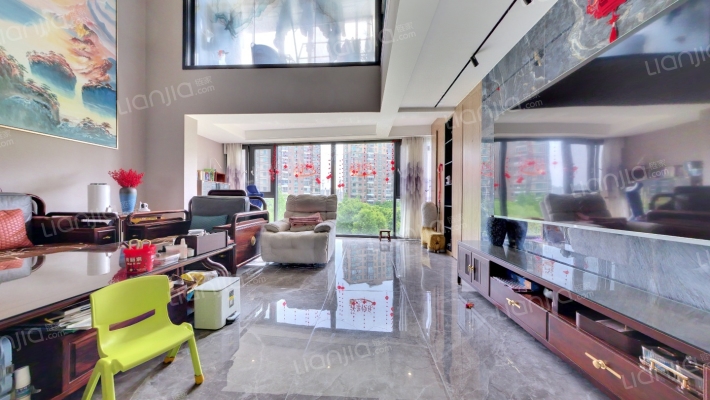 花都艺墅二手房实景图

---

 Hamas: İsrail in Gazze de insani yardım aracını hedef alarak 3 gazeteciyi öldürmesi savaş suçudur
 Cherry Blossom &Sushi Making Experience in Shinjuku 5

**Exercise objective**: Find the line with "Hamas: İsrail in" in the entries above. Retype it and each line after it, exactly, through the line with "Cherry Blossom &Sushi", and stop there.

**Exercise answer**:
 Hamas: İsrail in Gazze de insani yardım aracını hedef alarak 3 gazeteciyi öldürmesi savaş suçudur
 Cherry Blossom &Sushi Making Experience in Shinjuku 5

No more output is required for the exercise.